Plaintiffs thereafter filed this action to vacate the arbitrator’s award.

CONCLUSIONS OF LAW

It is well settled that an arbitrator’s award pursuant to an arbitration provision in a collective bargaining agreement, which provides that such decision will be final and binding, is subject to judicial review only to determine whether an award “draws its essence from the collective bargaining agreement” and whether “the arbitrator’s words manifest an infidelity to this obligation.” United Steelworkers of America v. Enterprise Wheel & Car Corp., 363 U.S. 593, 597, 80 S.Ct. 1358, 1361, 4 L.Ed.2d 1424. An arbitrator’s award draws its essence from the collective bargaining agreement “if the interpretation can in some rational manner be derived from the agreement viewed in the light of its language, its context, and any other indicia of the parties’ intention____” Ludwig Honold Manufacturing Co. v.
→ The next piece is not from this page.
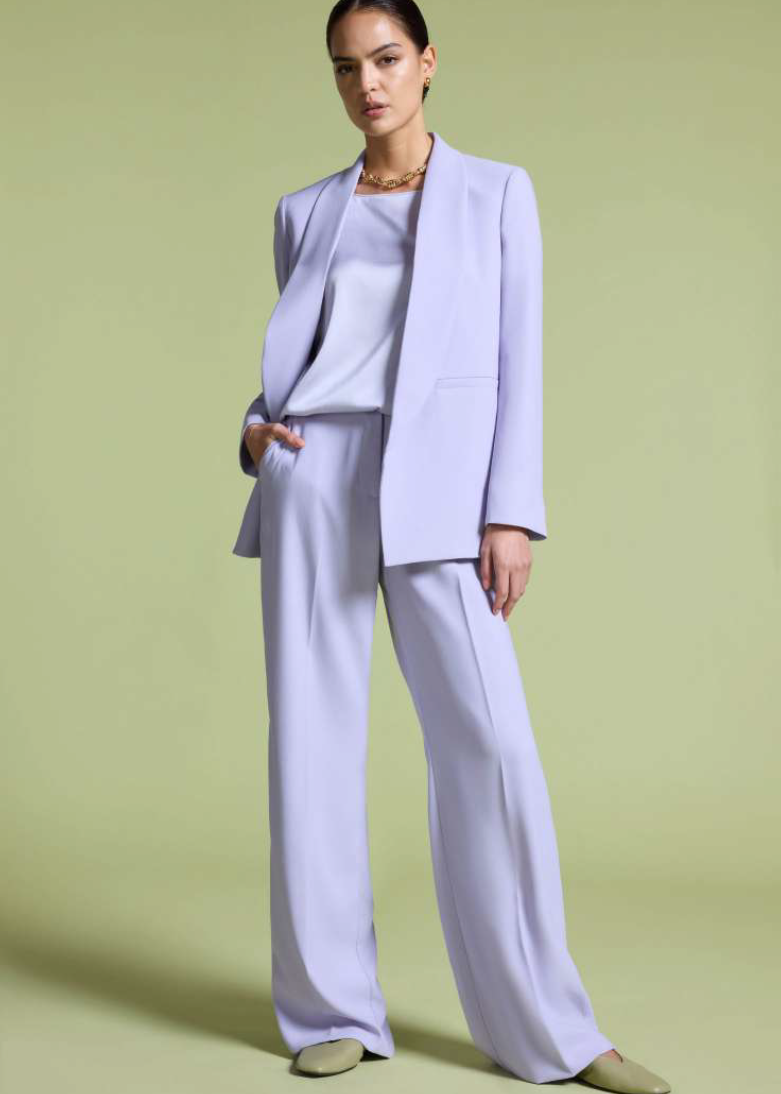 front view of plus size Elena Miro Stretch Satin Seamless Top in Lilac with matching jacket and pant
Fletcher, 405 F.2d 1123, 1128 (3rd Cir.1969).

Careful review of the evidence presented to the arbitrator clearly estab*1074lishes that the arbitrator’s decision indeed drew “its essence from the collective bargaining agreement.” Arbitrator Segal concluded that the employer violated Article 1A, Section (h) of the Agreement. In drawing his conclusion, the arbitrator found, pursuant to the written contract between Big Bear and Contract Coals, that Big Bear was the owner or lessee of the Eagle seam of coal. Furthermore, because of the involvement of Big Bear with Contract Coals in the development of the subject mine, i.e., the state mining permit was obtained by Big Bear and Big Bear built the power plant and provided electrical power for the mine, the arbitrator found that Big Bear licensed out “coal mining operations on coal lands ... held under lease or sublease____” Finally, the arbitrator concluded that because the layoffs occurred while mining operations were in progress on Big Bear’s property by a licensee of Big Bear who furnished coal to Big Bear, that the licensing out caused or resulted in the layoffs of Big Bear employees. Based upon the facts presented to him, Arbitrator Se-gal rendered a rational decision.

Although plaintiffs contend that the arbitrator exceeded the scope of his authority in fashioning the remedy herein, the Court notes that the relief granted was solely against Big Bear, that the unions were not granted retrospective relief and neither was the contract between Big Bear and Contract Coals declared void unless necessary to do so in order to comply with the award.

Remindful of the limited judicial scope of review in these matters, the Court has determined that there is no basis for vacating the arbitrator’s award. Therefore, defendant’s Motion for summary judgment will be granted.